Many people I kite with also tested the different boards. Most had little or no experience on directional and race boards. The most common mistakes I saw, and I did the same when I started, was to much heel-side and back foot pressure applied on the board. This is clearly due to years of twip-tip use.

The boards I have tried:

North Race Ltd 2009 - 163x45cm, twin fin 15cm, 22°

Rogue Wave Race - 173x51cm, quad fin on Probox boxes, front 20cm 8° cant, back 15cm 8° cant

Rogue Wave Race - 173x51cm, quad fin on US (A-type) boxes, front 21.5cm no cant, back 15.5cm no cant

Airush Monaro 2009 - 170x46cm, twin fin 15cm 11°

RRD K-Race 50 - 180x50cm, quad fin, front 22cm 35°, back 15cm 15°

The Probox boxes on the Rogue Wave Race were experimental and were not solid enough for the job. They would loosen up and the fins would start to vibrate. The grub screws did not like the strong, outward lateral pressure applied to them. Hence the replacement with the sturdy US boxes. This board also has a bit of convex, hence the fins are slightly angled outward by a few degrees one relative to the other.
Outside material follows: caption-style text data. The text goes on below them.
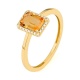 Anillo Rosetón de oro amarillo de 18 Kt con piedra de color y diamantes de 0,05 ct
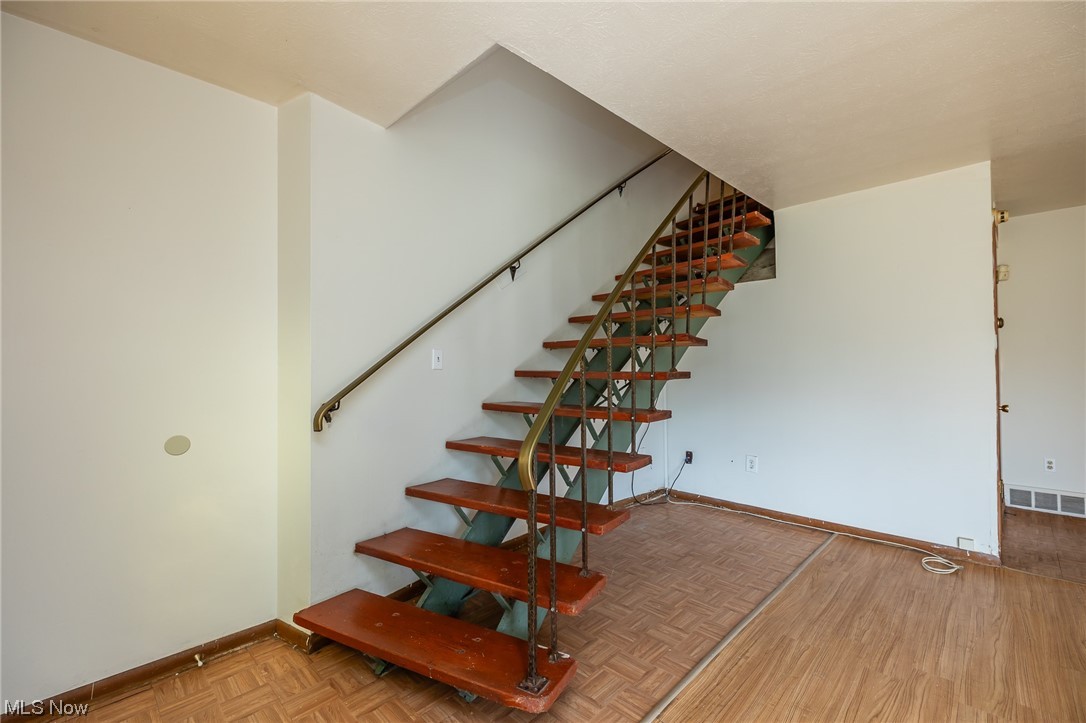 Colonial Park Condo - Residential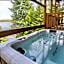 Rustic Waterfront Chalet Panoramic View and Spa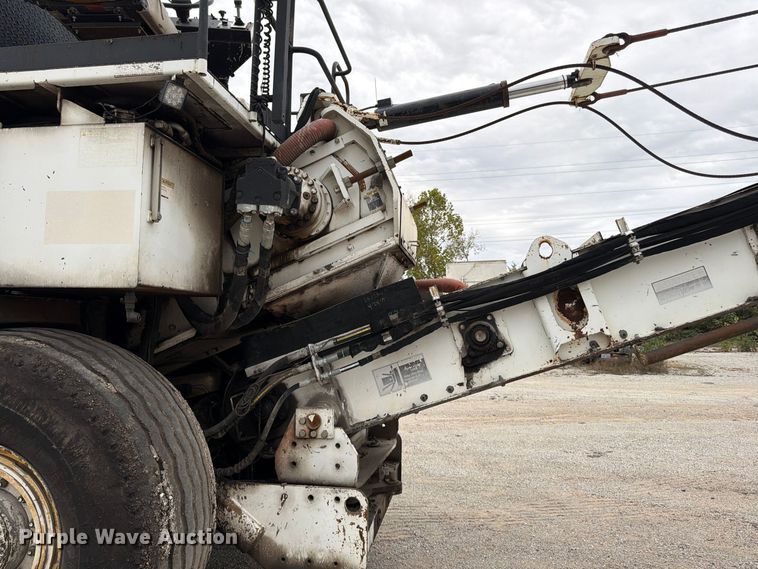 image for item FG0851 2005 Roadtec SB-2500C material transfer vehicle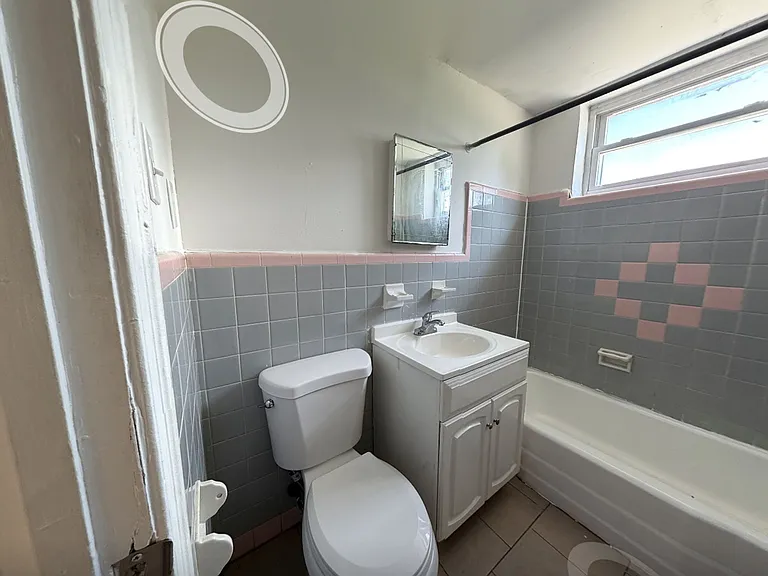 1902 Solly Apts — Photo 11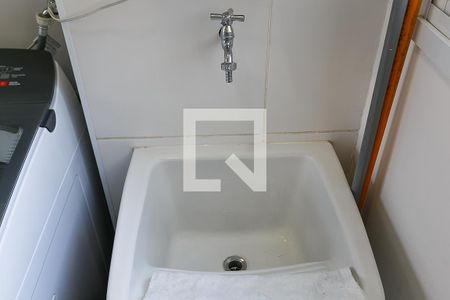 Área de Serviço de apartamento para alugar com 2 quartos, 56m² em Parque Reboucas, São Paulo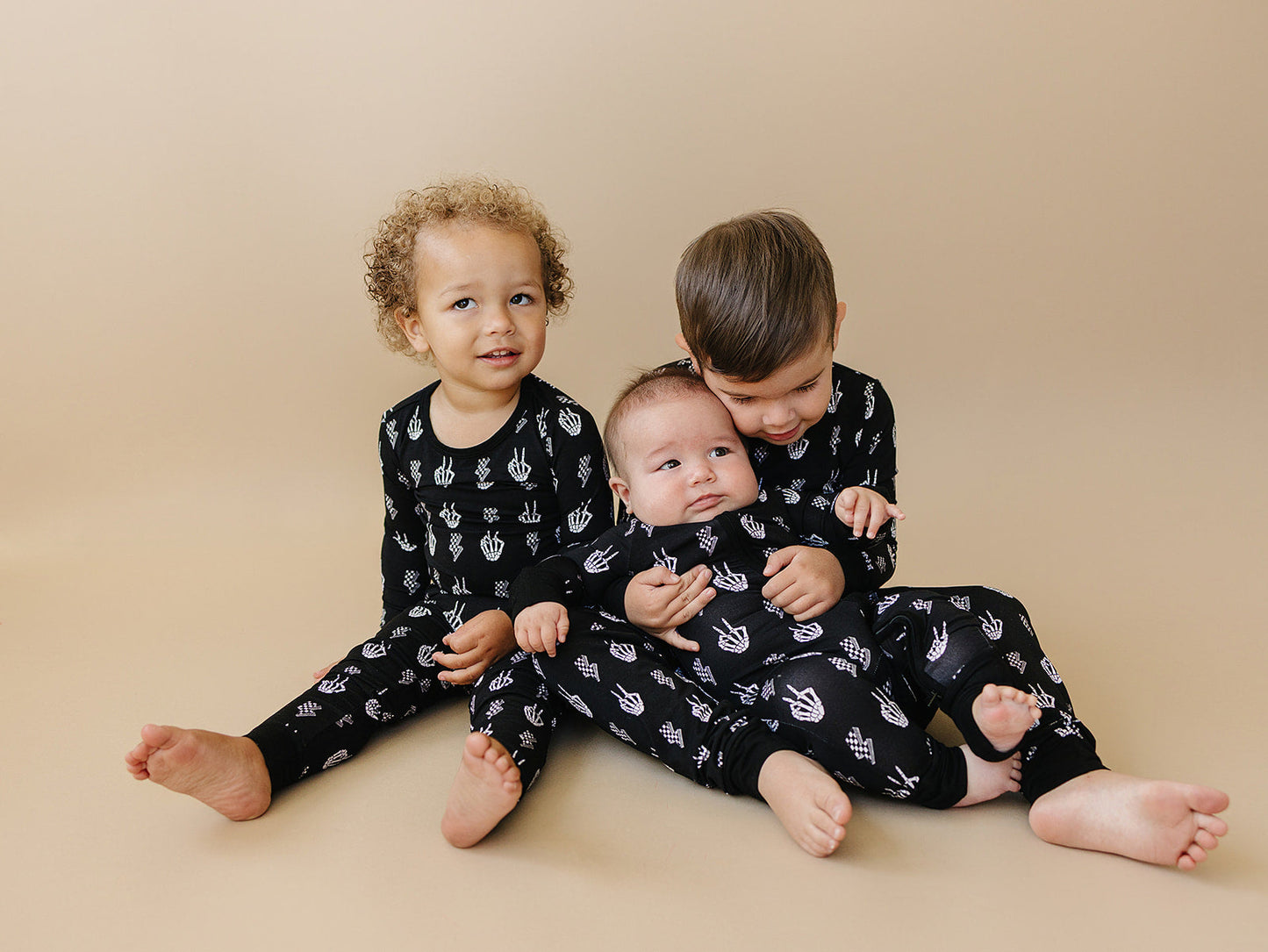 skelly vibes bamboo pajamas // ZIPPY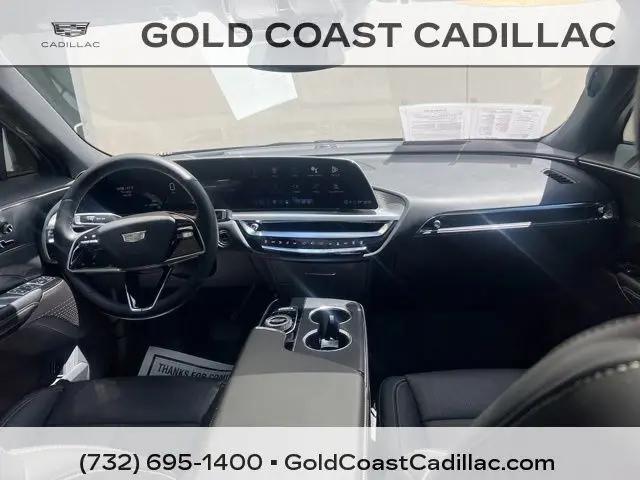2024 Cadillac iQ Sport w/1SF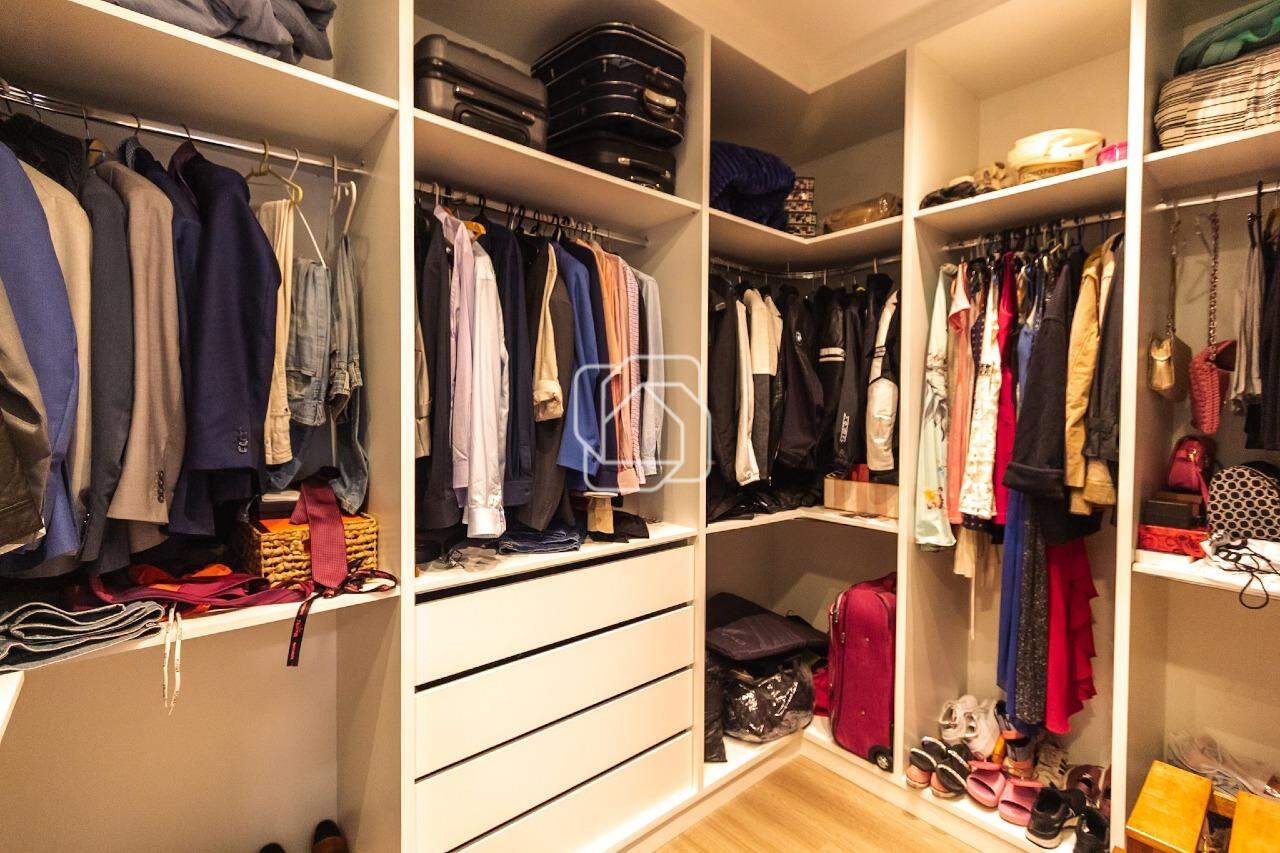Casa de Condomínio à venda em Indaiatuba - SP - Jardim Residencial Santa Clara: Closet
Initially, most people find the North, Airush and RRD easy to ride. I feel these boards are more accessible to most as they are quite forgiving. They can be ridden on the edge and all required more back foot pressure, something everyone is used to and comfortable with. On their first attempt, all also find the Rogue Wave difficult to dial-in and jibe.

After gaining some experience, people started to find the Rogue Wave more and more comfortable and easy to jibe. With proper fin positioning, it is possible to ride this board with both legs pretty much fully extended and with the body leaning back, absorbing the chop with the entire legs moving up and down, as opposed as with the knees only. As of today, this is how I ride the Rogue Wave, working the board pretty much equally with the two legs This position is so comfortable that I can ride it for hours at a time.

Today, I find the North Race Ltd 2009 too unstable. With a twin fin setup, I find it does not track or keep its line very well. For the RRD K-Race 50, the fins are very much far back under the board. This requires the body to be positioned towards the back of the board, hence the back leg must be bent so much that I get tired very quickly with the board. This board is also too heavy and thin compared to the other ones. As for the Airush Monaro, I initially felt it was a half-assed surf/race board, but it is actually quite pleasant to ride as a fun board. It does not race well, but certainly does better in waves than true race boards.

Looking at the many videos of top notch racers, the question that comes to my mind is: is there such thing as an optimal stance on race board. As I wrote earlier, I find the fully extended leg stance is quite comfortable because of the balance of the weight of the body is distributed almost equally on the two legs.